**Task item:**
Could you transcribe every entry below exactly, leaving out the pictures?

···

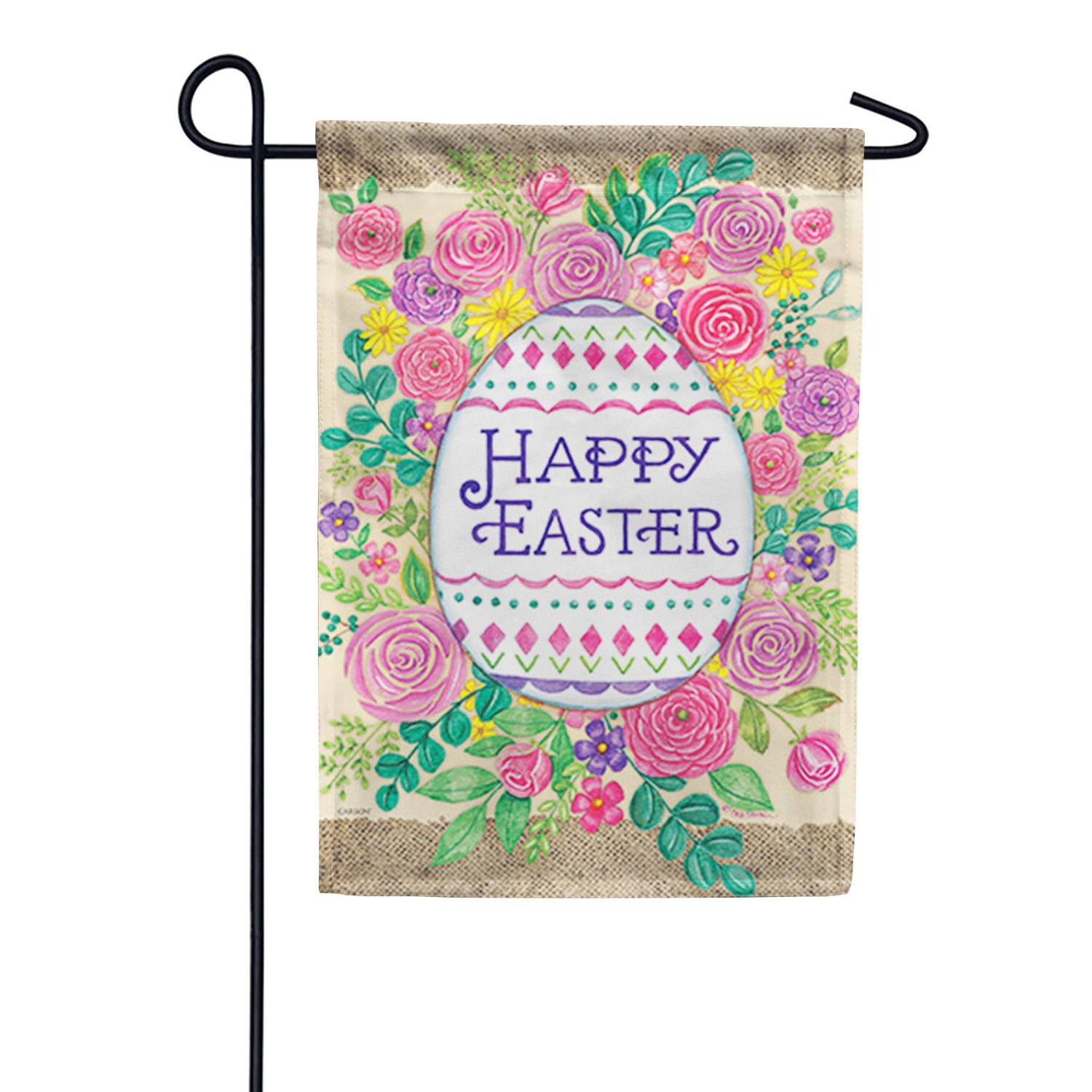 Egg Floral Garden Flag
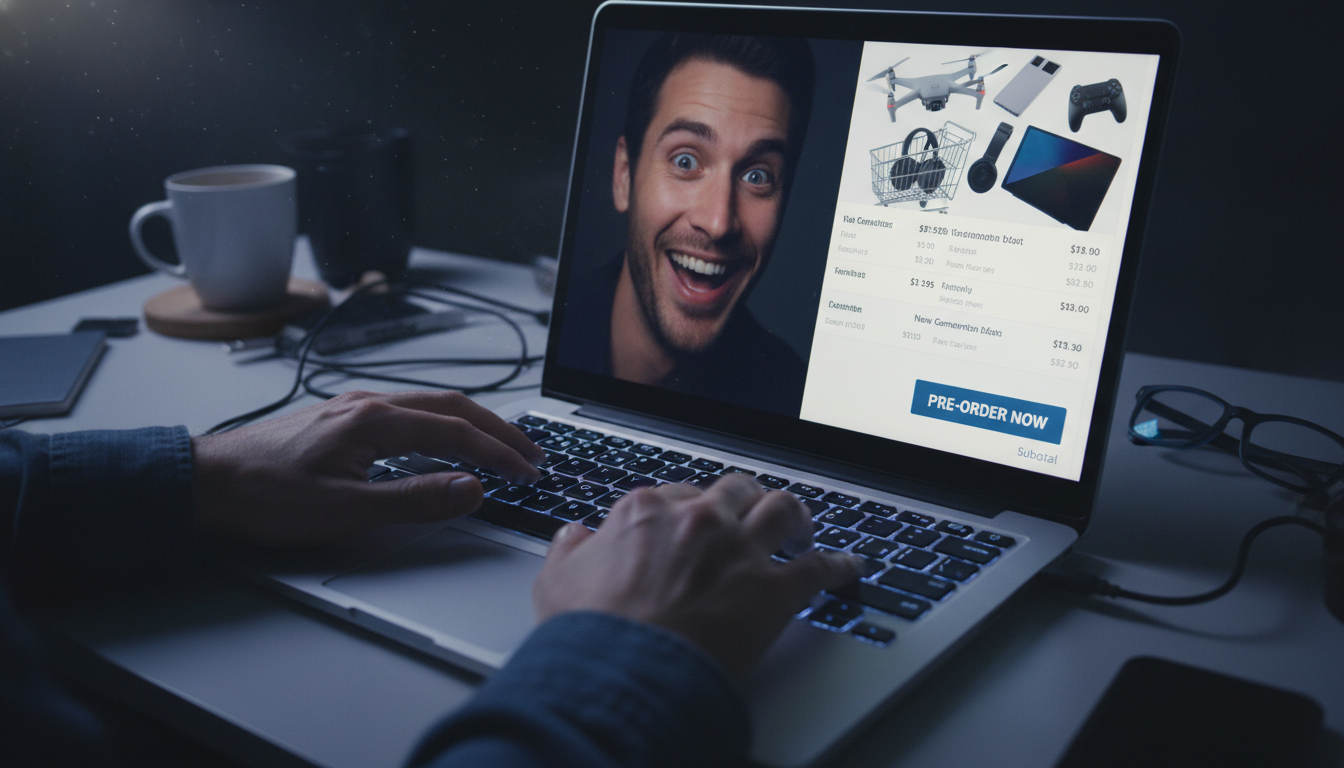 노트북으로 에어팟 프로 4세대 온라인 사전예약을 준비하는 모습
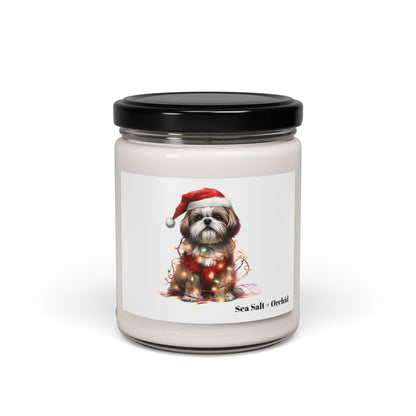 Shih Tzu Wearing a Christmas Hat and Wrapped in Lights Scented Soy Candle - Shih Tzu Gifts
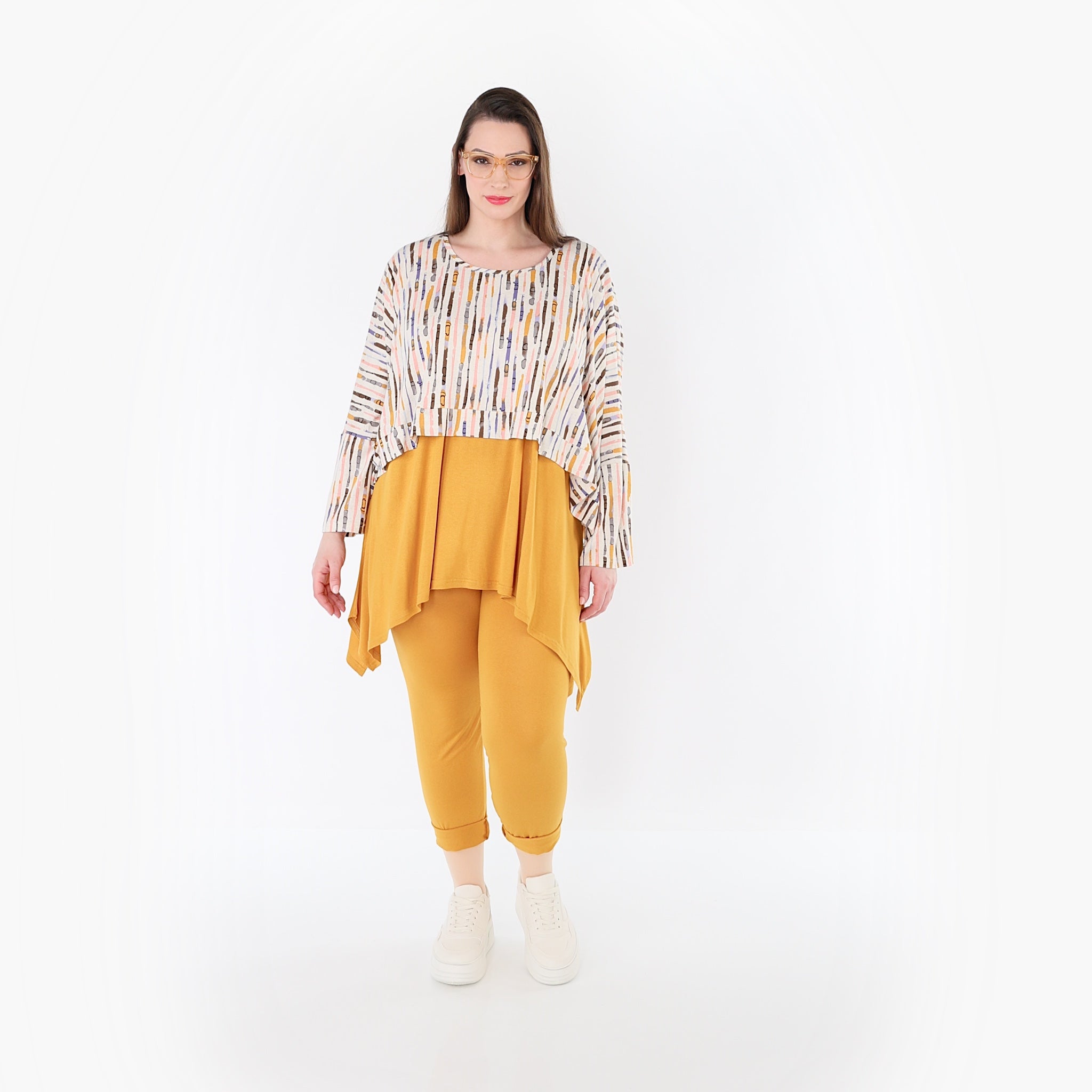 AKH Fashion 7011 Überwurf, Ecru-Rosa-Multi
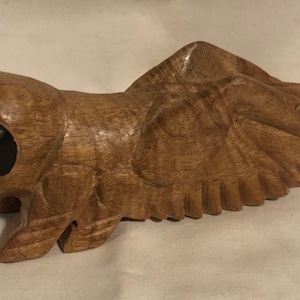 Vintage Carved Wooden Grasshopper Figurine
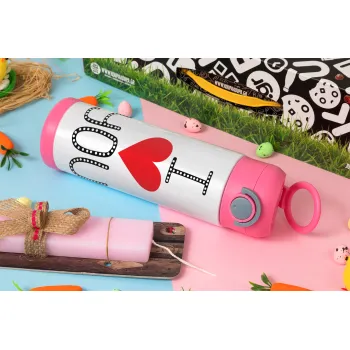 I Love You small dots, Πασχαλινή Λαμπάδα με Παιδικό παγούρι θερμό, ανοξείδωτο, με καλαμάκι ασφαλείας, ΡΟΖ (500ml)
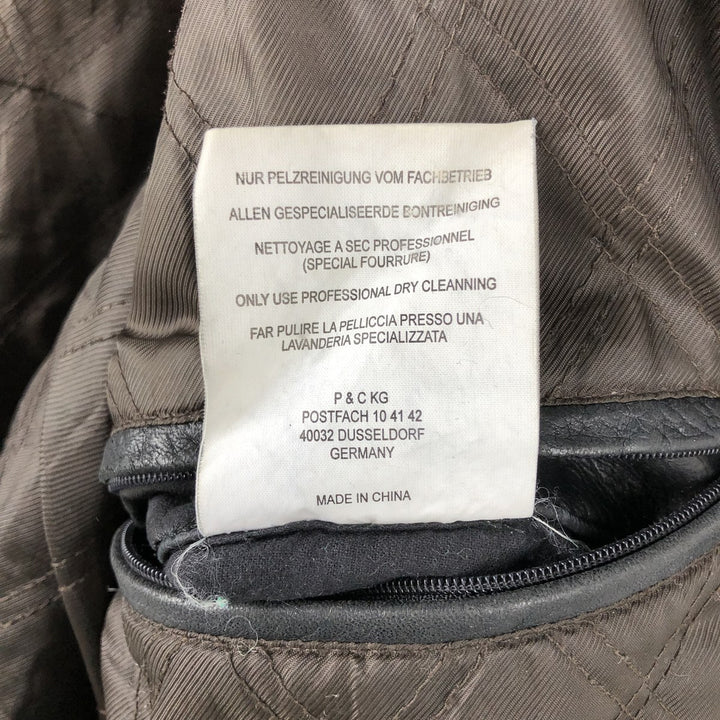 GILBERTO Padded Leather Blouson, Men's XL Genuine Leather Lamb Leather black type Vintage Second Hand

···

**Expected answer:**
 Egg Floral Garden Flag
 노트북으로 에어팟 프로 4세대 온라인 사전예약을 준비하는 모습
 Shih Tzu Wearing a Christmas Hat and Wrapped in Lights Scented Soy Candle - Shih Tzu Gifts
 AKH Fashion 7011 Überwurf, Ecru-Rosa-Multi
 Vintage Carved Wooden Grasshopper Figurine
 I Love You small dots, Πασχαλινή Λαμπάδα με Παιδικό παγούρι θερμό, ανοξείδωτο, με καλαμάκι ασφαλείας, ΡΟΖ (500ml)
 GILBERTO Padded Leather Blouson, Men's XL Genuine Leather Lamb Leather black type Vintage Second Hand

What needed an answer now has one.